Required action:
Working through the data below, reproduce word for word the line with "image for item" and every line after it, both ends included, and omit the pictures.

*** Opening of Data extract ***

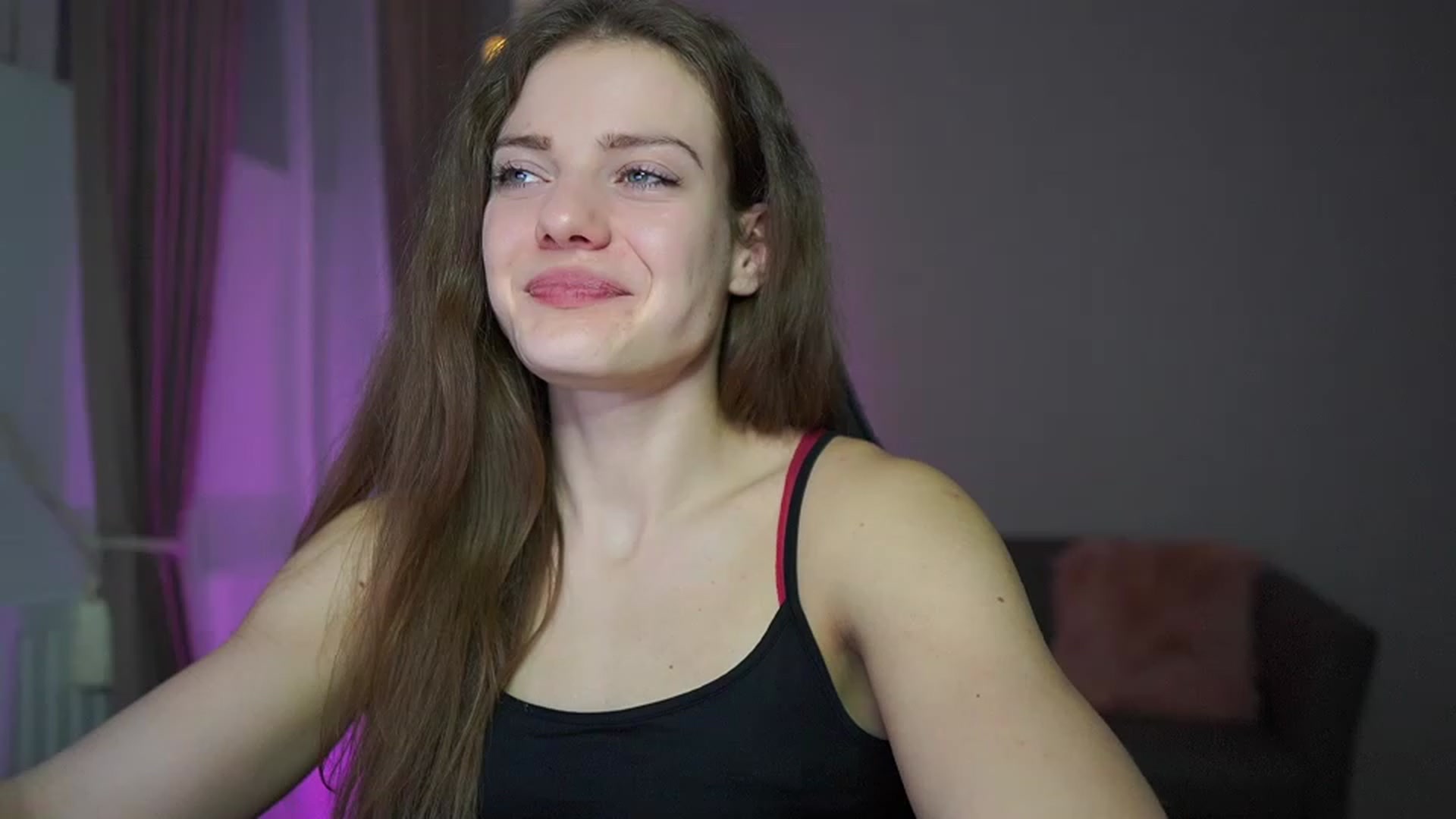Gallery image thumbnail from Elly_Malkova_'s myfreecams stream on, 03/07/2023, 23:33 image 10 of 20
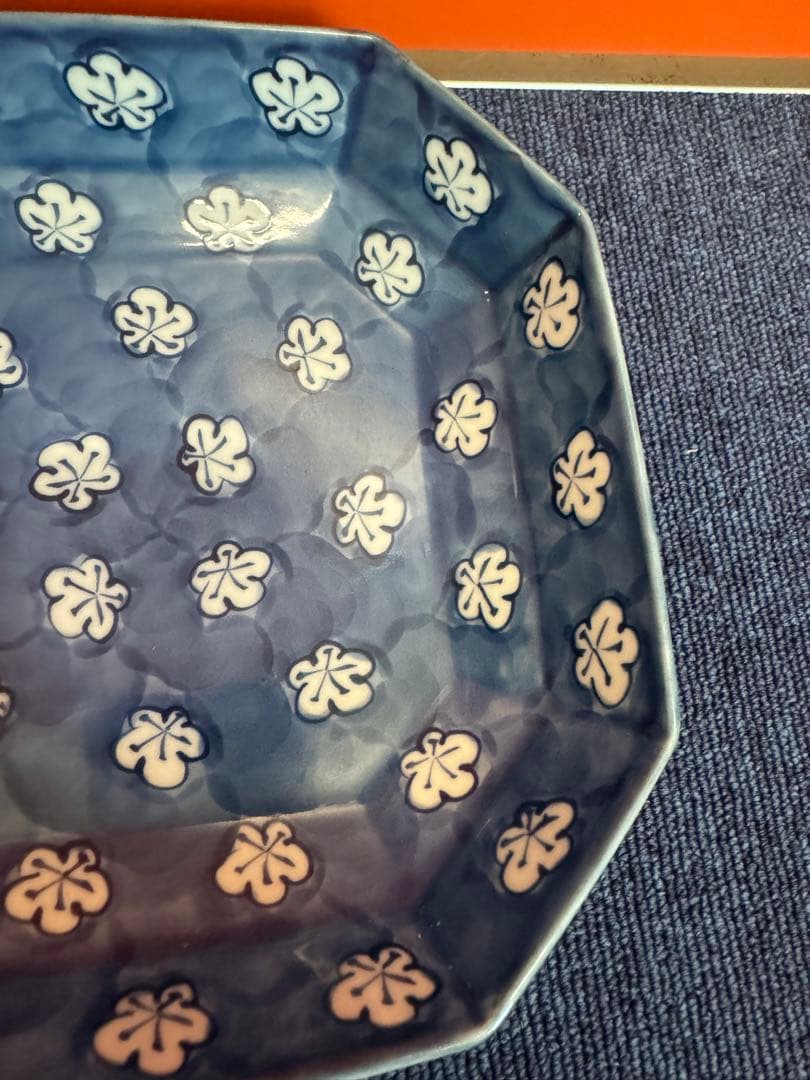 1883 林源右衛門 染付 古染風 梅紋 皿　未使用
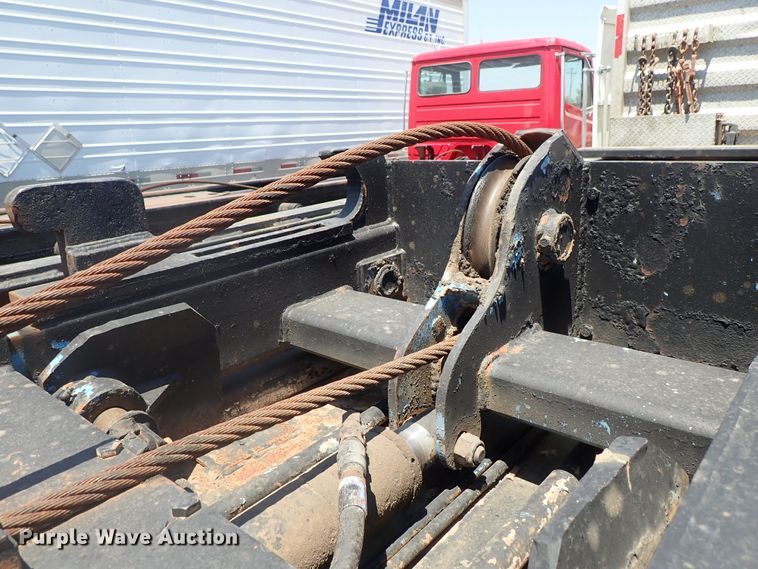 image for item DE5464 1989 Galbreath FRA318 roll-off container trailer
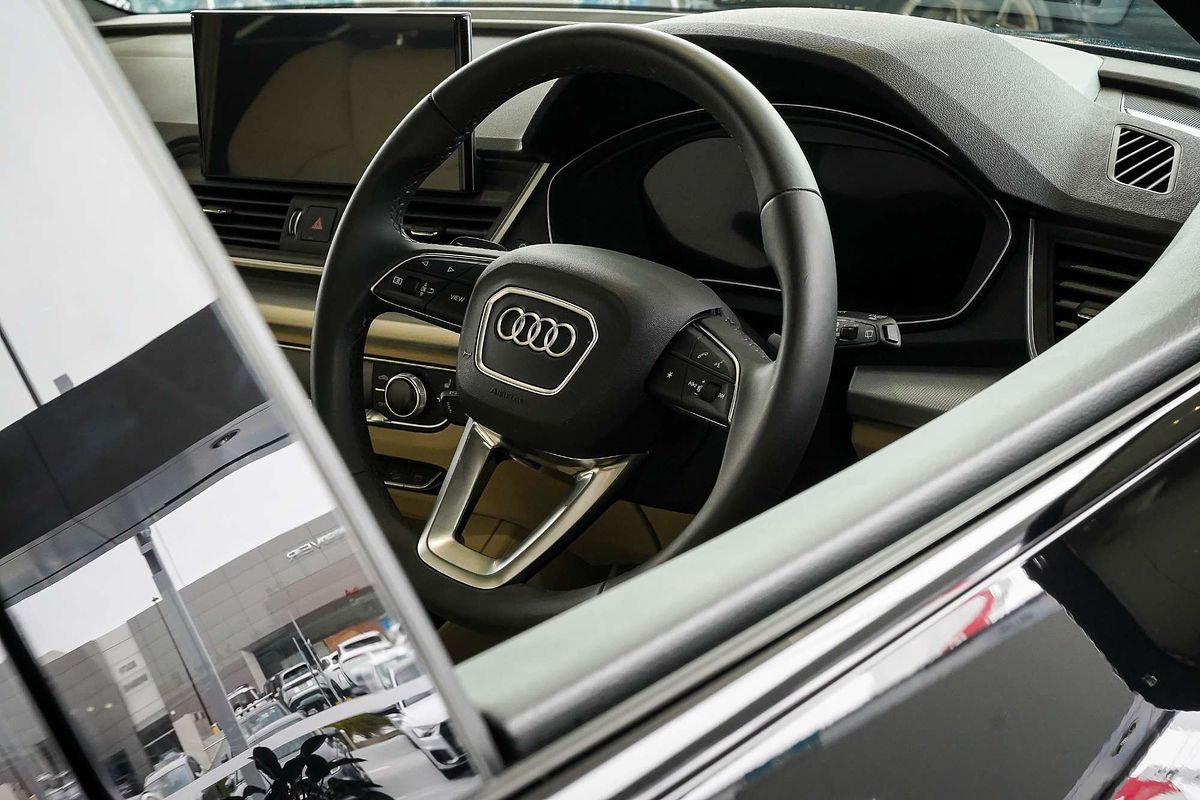 2024 Audi Q5 45 TFSI Sport FY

*** Close of Data extract ***

Result of this exercise:
 image for item DE5464 1989 Galbreath FRA318 roll-off container trailer
 2024 Audi Q5 45 TFSI Sport FY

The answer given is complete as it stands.